You sit in your chairboat throwing out your line, gradually remembering the rhythm for catching these bass. Some get away, some are yanked towards the boat and into your waiting arms. You don’t feel anger when one escapes your hook, you just tip your hat a little to acknowledge the fish and you go back to waiting, waggling your hook in what you hope is an alluring manner and trying your luck with the other inhabitants of the water.
You forgot that role-playing being in a lake with no access to the internet means not watching the late-night news. Everything on the news is awful. The world is awful. The brandy is three-quarters gone. Any interaction you have with the rest of the world will likely be in CAPSLOCK and feature the phrase “burn it all down”. You seek solace in fish but the fish are idiots and one of them has bugged out. It is swimming like a duck, arse in the air, face pointing downwards. “WHAT THE FUCK IS YOUR PROBLEM,” you demand of the fish. The fish just hovers there. Willful. Mocking you and your relaxation attempts.
You throw out your line again to find a new fish.
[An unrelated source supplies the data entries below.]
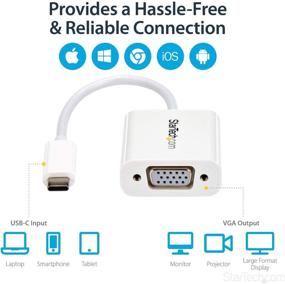 img 3 attached to 💻 Enhance Your MacBook Pro's Display: StarTech.com USB-C to VGA Adapter - White - 1080p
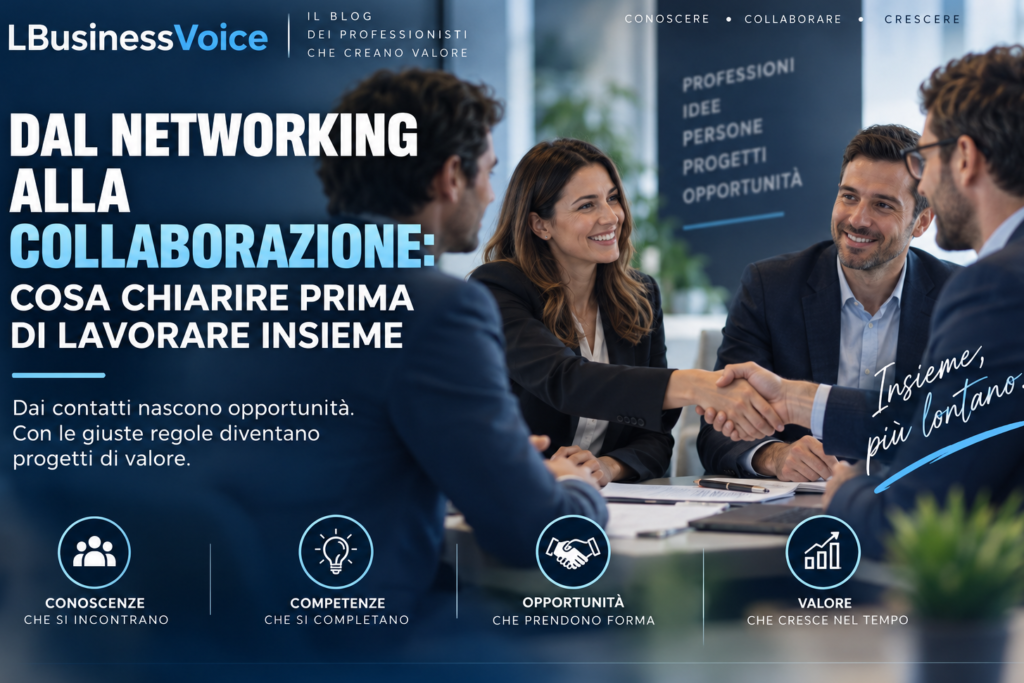 DAL NETWORKING ALLA COLLABORAZIONE: COSA CHIARIRE PRIMA DI LAVORARE INSIEME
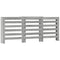 Radiatorombouw 205x21,5x83,5 cm bewerkt hout grijs sonoma eiken
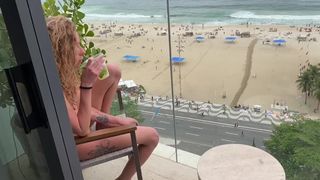 INTERNAL EJACULATION ASSFUCKING on the Balcony in Rio De Janeiro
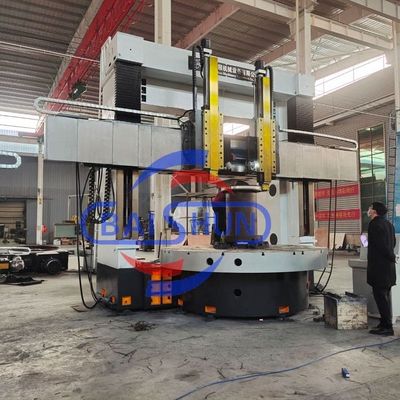 เครื่องมือตัดกลึง Cnc เครื่องกลึงแนวตั้ง Fanuc Double Turret ที่มีประสิทธิภาพสูง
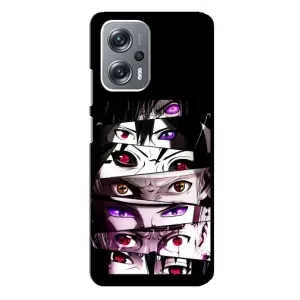 Чехлы Персонажи Аниме Наруто для Xiaomi Redmi Note 12 Pro Plus (AlphaPrint) (Глаза Anime)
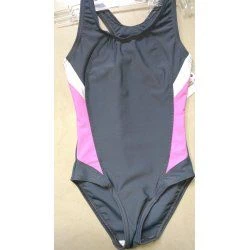 Swimming suit Prestige 0056 grey with pink - 1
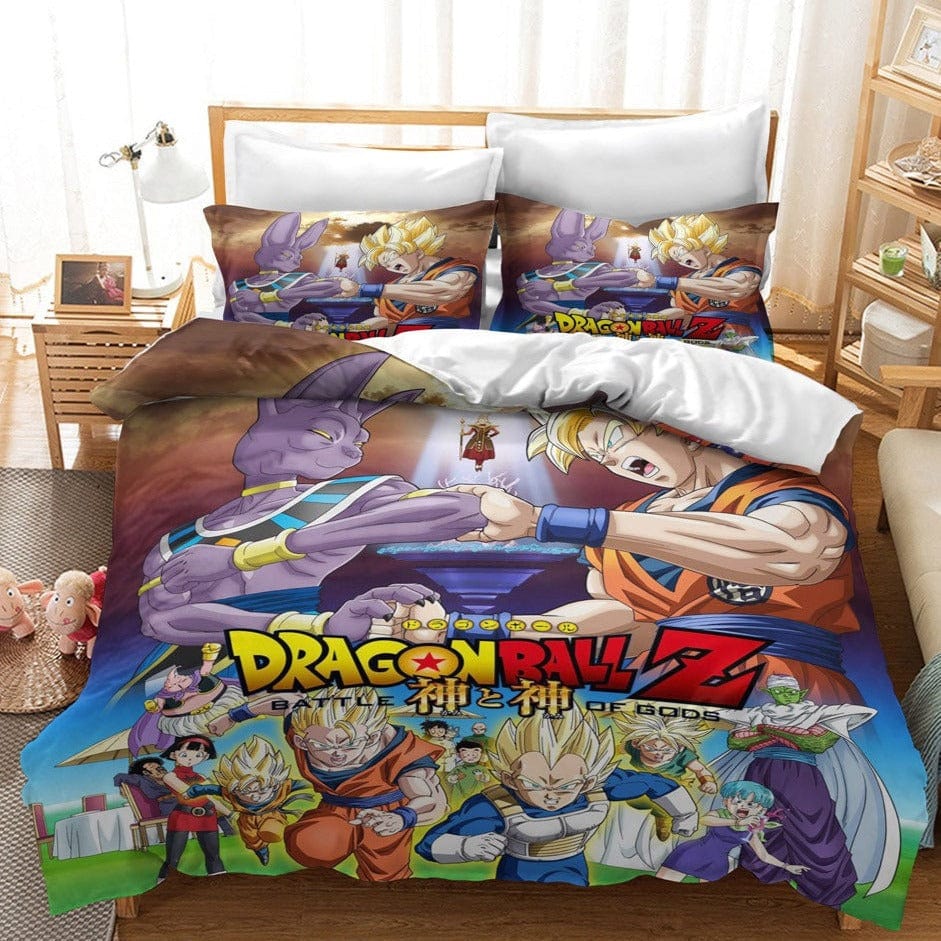 Dragon Ball Z Påslakan För 2 Personer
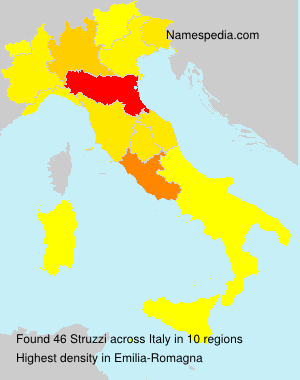 Surname Struzzi in Italy Surname Struzzi in Italy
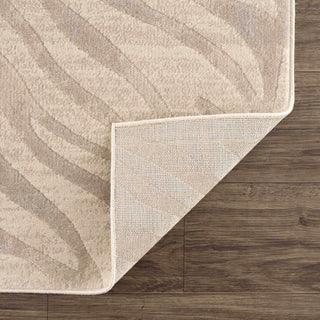 Beige Manteca Zebra Print Area Rug – Stylish Animal Print Living Room Carpet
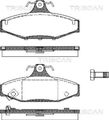 TRISCAN Bremsbeläge Bremsbelagsatz Bremsklötze Hinten 8110 10539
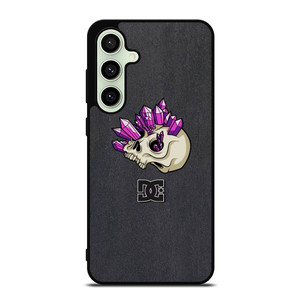 DC SHOES LOGO EMERALD SKULL Samsung Galaxy S24 FE Case Cover DC SHOES LOGO EMERALD SKULL Samsung Galaxy S24 FE Case Cover
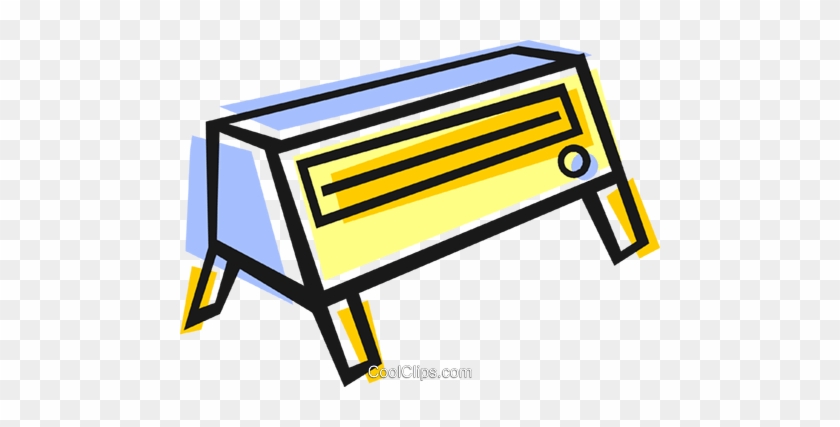 Electric Heater Royalty Free Vector Clip Art Illustration - Illustration #1359164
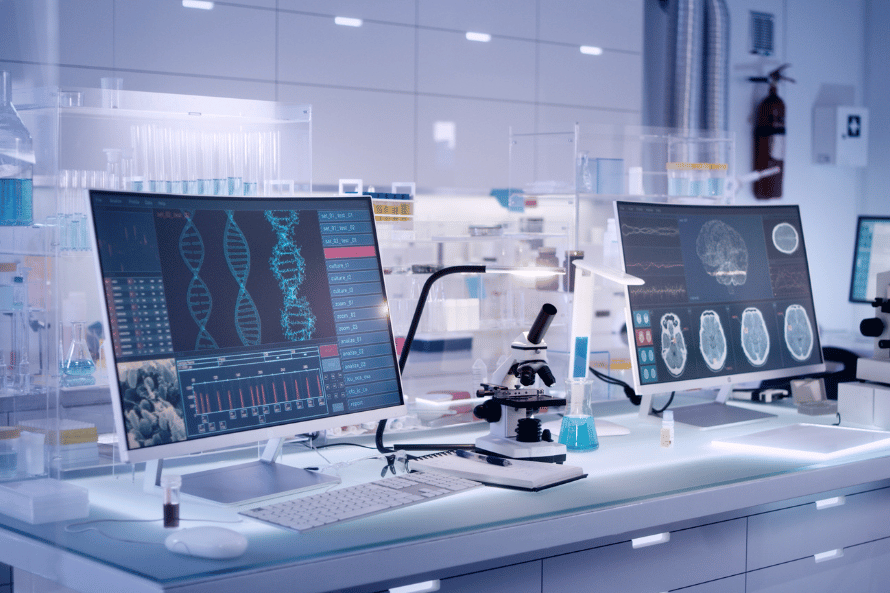 State of the art laboratory analyzer and microscope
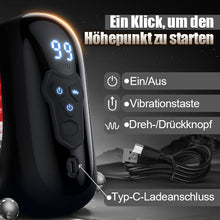Laden Sie das Bild in den Galerie-Viewer, Finger 2.0-9 Vibrationen 9 Spannen 9 Rotieren Verbesserter Glans Training Masturbator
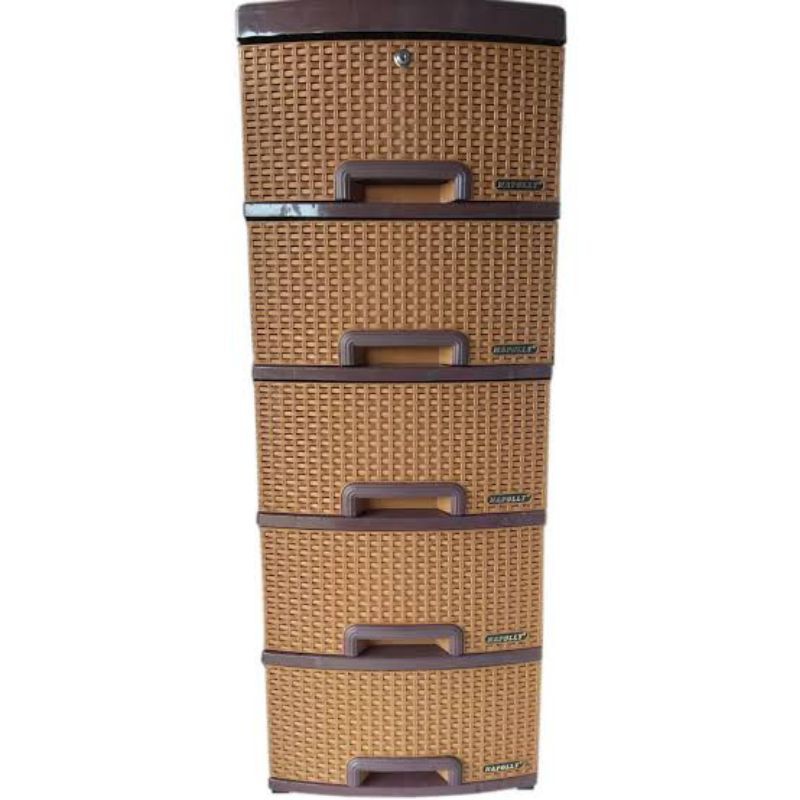 LEMARI PLASTIK LACI NAPOLLY 5 SUSUN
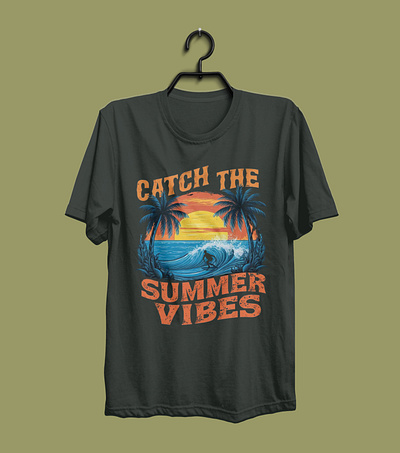 Summer typography t-shirt design custom design design event design graphic design lettering spring season summer summer beach summer sea t shirt vacation vintage vintage summer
A better fish. The new fish has glitched through a wall.
“FUCKING MILLENNIAL FISH,” you shout, not really knowing what you mean by that. “GET OFF SNAPCHAT AND STOP SWIPING VINES OR WHATEVER IT IS YOU DO AND GET IN THE BLOODY BOAT.”
“Pip, what is a millennial fish?” asks your boyfriend.
“I DO NOT KNOW.”
Admitting this makes you more angry so you dig deeper.
“I MEAN, LIKE, THE GAME CAME OUT IN THE LATE NINETIES SO THEY PROBABLY COULD BE MILLENNIAL FISH IF THEY AGED LIKE REGULAR HUMANS BUT MAYBE THEY ARE NEWBORN FOREVER BECAUSE OF DIGITAL FISH CREATION AND THEY DON’T HAVE GENERATIONAL TRAITS OR COMMON POINTS OF CONCERN OR INTEREST AND THE FISH MEDIA AREN’T USING THE TERM IN A FAINTLY PEJORATIVE FASHION RATHER OFTEN.”
You go to Wikipedia.
“LARGEMOUTH BASS LIVE FOR MAYBE 16 YEARS BUT I DO NOT KNOW IF THAT AFFECTS ME BEING ABLE TO CALL THEM MILLENNIALS ALSO DID YOU KNOW THAT THEY ARE THE STATE FISH OF ALABAMA.”
You caught a HUGE one. You are the master of fish. The fish whisperer. You have bent the entire game to your will. No fish will ever defy you by swimming impossibly ever again.
“Am I being cruel by hunting digital millennial fish?” you ask yourself (and also your boyfriend).
Sure, they aren’t real and sure you throw them back in anyway and sure the fish don’t seem to learn any kind of caution so they probably aren’t traumatised but…
“I’m sure they are fine,” you say, trying to sound convincing.
“Pip what is wrong why are you crying?”
“I didn’t mean to hurt the fishes,” you sob.
“Hang on, have you stopped being angry at the fish for being millennial? Also where is the rest of the brandy?”
After a full day of fishing the last emotion left is sleepy. Definitely sleepy and not anything else. You should make the most of this emotion by heading to bed because tomorrow will involve nursing an inexplicable and completely unrelated headache.
Bass fishing is a rollercoaster of feelings.